Saved data entries
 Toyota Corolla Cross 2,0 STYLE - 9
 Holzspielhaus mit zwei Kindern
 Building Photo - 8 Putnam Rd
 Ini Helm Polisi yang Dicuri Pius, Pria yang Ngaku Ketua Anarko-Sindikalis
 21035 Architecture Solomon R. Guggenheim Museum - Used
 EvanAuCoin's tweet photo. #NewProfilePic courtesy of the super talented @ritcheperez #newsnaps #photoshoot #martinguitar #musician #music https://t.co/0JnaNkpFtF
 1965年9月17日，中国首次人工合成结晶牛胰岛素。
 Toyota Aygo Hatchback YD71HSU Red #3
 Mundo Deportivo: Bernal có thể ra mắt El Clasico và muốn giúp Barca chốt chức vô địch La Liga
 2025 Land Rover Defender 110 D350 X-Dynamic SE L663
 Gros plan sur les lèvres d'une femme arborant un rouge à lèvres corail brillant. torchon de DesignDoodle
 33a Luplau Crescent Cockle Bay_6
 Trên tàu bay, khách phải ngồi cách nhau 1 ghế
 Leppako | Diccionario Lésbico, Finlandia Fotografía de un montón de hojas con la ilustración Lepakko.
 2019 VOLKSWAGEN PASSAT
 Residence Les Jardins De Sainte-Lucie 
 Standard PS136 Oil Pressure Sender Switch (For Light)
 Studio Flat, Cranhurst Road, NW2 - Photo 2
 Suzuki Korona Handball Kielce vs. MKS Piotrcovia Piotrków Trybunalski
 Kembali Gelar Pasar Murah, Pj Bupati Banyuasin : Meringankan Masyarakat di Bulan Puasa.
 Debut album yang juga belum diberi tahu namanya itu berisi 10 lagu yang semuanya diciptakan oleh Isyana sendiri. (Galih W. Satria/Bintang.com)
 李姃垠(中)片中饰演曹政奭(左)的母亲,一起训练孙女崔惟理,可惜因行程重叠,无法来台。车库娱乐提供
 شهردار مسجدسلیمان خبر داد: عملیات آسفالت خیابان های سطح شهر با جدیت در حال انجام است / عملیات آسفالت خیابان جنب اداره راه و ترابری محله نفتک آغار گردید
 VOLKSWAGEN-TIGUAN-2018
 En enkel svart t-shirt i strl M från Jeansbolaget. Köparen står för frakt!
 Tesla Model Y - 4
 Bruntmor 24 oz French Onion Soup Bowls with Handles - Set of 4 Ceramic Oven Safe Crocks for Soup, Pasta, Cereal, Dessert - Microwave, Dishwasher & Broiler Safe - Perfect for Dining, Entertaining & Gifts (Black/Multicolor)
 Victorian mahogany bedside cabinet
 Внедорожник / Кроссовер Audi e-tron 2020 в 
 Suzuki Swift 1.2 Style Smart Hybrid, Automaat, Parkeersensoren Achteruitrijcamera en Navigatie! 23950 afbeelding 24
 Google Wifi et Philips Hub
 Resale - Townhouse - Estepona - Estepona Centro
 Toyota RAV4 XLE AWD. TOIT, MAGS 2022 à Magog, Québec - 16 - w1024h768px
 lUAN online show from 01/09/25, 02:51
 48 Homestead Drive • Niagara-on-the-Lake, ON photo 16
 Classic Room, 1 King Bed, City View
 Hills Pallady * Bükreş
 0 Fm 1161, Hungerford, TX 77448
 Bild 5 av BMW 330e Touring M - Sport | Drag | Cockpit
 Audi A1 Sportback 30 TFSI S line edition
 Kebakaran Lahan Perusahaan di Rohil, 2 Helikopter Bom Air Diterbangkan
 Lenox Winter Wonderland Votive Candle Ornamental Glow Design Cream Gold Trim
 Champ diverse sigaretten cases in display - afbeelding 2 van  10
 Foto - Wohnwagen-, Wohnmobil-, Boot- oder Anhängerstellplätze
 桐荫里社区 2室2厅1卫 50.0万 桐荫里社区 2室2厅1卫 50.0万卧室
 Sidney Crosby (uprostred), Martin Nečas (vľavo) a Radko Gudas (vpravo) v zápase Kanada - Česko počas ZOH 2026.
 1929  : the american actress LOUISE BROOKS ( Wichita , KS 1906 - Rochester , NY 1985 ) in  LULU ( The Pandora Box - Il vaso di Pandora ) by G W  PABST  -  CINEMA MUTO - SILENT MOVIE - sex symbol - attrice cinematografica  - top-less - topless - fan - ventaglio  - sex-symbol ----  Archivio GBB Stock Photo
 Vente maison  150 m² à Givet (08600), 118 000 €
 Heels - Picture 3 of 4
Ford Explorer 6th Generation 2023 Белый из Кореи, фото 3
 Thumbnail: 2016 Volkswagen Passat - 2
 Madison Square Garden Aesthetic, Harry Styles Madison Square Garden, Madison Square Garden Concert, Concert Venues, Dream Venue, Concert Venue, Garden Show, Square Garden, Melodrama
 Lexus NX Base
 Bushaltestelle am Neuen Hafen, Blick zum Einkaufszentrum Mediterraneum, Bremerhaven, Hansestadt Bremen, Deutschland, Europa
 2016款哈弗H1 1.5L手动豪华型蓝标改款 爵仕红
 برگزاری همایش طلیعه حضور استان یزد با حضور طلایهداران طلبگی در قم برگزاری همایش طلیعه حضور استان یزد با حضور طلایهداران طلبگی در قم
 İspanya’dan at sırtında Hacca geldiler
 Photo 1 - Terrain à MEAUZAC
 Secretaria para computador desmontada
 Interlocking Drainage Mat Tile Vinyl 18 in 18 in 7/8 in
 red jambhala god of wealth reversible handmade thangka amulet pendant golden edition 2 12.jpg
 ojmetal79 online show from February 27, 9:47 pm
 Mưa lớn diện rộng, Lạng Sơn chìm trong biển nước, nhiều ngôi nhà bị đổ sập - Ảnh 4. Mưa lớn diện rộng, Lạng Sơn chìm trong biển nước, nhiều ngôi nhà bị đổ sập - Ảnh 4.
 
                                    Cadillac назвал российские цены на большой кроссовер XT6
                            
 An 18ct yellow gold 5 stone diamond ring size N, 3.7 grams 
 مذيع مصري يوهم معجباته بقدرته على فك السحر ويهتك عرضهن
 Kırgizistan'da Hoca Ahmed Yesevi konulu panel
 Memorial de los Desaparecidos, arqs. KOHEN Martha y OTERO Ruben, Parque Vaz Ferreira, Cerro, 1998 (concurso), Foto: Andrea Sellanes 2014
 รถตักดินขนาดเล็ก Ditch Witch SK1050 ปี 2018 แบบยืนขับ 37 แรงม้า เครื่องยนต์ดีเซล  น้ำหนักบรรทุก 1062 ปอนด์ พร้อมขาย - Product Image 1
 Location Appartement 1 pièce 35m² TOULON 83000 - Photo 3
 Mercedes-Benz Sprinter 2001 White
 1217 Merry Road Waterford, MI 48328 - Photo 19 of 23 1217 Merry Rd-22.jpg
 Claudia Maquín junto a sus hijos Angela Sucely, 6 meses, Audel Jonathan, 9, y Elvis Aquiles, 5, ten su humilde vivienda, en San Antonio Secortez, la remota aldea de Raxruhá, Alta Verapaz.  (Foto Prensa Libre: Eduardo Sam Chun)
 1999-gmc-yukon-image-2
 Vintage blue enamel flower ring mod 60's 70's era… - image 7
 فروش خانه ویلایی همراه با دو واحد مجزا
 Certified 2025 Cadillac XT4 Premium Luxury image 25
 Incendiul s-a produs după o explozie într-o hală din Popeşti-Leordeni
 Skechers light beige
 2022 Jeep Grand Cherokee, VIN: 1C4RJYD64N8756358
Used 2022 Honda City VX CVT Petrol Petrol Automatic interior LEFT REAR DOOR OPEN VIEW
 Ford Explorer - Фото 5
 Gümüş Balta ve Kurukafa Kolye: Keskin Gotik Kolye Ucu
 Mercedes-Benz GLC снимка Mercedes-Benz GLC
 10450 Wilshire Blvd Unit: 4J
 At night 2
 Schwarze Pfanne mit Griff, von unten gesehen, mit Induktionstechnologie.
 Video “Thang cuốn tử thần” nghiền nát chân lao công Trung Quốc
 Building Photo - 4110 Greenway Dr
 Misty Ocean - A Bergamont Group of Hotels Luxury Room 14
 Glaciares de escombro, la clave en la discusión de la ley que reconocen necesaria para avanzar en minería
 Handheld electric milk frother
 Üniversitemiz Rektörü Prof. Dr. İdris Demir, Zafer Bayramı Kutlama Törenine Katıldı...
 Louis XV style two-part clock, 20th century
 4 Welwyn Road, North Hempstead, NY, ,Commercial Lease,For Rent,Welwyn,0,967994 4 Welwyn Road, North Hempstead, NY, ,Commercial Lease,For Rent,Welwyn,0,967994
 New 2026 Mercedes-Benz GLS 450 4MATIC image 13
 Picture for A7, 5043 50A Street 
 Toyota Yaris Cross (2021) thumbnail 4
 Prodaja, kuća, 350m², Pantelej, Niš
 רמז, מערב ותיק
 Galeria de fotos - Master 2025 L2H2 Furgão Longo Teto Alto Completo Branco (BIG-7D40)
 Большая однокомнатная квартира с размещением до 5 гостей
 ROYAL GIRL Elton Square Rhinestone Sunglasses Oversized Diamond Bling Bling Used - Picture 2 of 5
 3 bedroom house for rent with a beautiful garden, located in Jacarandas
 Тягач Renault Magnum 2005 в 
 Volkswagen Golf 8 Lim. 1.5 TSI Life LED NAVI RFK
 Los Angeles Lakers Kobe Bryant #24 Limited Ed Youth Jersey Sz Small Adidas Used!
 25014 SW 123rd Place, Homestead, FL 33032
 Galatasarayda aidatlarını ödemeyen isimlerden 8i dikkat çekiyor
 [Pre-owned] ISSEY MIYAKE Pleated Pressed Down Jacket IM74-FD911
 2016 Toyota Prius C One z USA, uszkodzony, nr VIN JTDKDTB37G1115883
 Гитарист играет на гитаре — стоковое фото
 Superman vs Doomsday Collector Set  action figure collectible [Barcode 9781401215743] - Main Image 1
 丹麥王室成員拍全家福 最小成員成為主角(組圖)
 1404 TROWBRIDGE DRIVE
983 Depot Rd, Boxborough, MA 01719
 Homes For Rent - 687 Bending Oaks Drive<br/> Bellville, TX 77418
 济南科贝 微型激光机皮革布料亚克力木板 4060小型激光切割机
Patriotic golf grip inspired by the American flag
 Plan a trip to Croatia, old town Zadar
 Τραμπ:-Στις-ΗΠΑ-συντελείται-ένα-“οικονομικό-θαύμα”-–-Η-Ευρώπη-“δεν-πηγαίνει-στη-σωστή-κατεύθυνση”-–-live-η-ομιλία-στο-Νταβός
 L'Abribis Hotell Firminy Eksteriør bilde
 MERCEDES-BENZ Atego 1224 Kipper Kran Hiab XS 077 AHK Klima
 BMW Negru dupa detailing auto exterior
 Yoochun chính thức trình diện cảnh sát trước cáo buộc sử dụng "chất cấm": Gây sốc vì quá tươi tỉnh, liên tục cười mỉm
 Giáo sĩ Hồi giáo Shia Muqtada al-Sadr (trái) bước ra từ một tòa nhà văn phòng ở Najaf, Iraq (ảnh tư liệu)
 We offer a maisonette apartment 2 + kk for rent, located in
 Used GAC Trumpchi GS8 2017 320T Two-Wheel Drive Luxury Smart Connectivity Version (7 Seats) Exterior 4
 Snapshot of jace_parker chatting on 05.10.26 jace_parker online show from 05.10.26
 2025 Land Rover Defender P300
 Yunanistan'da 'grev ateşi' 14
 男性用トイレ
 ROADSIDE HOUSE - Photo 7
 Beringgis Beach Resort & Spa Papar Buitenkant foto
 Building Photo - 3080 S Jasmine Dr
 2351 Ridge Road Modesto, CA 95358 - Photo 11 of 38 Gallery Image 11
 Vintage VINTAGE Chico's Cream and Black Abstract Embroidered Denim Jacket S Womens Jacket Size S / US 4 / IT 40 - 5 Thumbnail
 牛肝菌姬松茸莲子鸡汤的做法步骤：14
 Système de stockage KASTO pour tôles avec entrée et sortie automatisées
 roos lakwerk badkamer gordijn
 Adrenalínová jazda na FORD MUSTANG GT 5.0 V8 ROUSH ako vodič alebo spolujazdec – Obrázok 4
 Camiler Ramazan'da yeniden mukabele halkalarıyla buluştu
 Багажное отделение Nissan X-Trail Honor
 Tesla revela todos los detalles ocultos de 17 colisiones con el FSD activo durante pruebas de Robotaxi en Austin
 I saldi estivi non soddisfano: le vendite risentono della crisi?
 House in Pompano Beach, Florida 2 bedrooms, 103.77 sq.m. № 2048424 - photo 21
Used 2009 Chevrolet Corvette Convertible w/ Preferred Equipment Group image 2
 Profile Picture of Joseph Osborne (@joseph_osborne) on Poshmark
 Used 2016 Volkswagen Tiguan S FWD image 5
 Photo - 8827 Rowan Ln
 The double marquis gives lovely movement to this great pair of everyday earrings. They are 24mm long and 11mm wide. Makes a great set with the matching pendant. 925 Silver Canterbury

# EXERCISE OBJECTIVE
Copy out, exactly and alone, the lines of the entries above between the ones holding "Plan a trip to Croatia, old town Zadar" and "We offer a maisonette", inclusive.

# SOLUTION FOR THIS TASK
 Plan a trip to Croatia, old town Zadar
 Τραμπ:-Στις-ΗΠΑ-συντελείται-ένα-“οικονομικό-θαύμα”-–-Η-Ευρώπη-“δεν-πηγαίνει-στη-σωστή-κατεύθυνση”-–-live-η-ομιλία-στο-Νταβός
 L'Abribis Hotell Firminy Eksteriør bilde
 MERCEDES-BENZ Atego 1224 Kipper Kran Hiab XS 077 AHK Klima
 BMW Negru dupa detailing auto exterior
 Yoochun chính thức trình diện cảnh sát trước cáo buộc sử dụng "chất cấm": Gây sốc vì quá tươi tỉnh, liên tục cười mỉm
 Giáo sĩ Hồi giáo Shia Muqtada al-Sadr (trái) bước ra từ một tòa nhà văn phòng ở Najaf, Iraq (ảnh tư liệu)
 We offer a maisonette apartment 2 + kk for rent, located in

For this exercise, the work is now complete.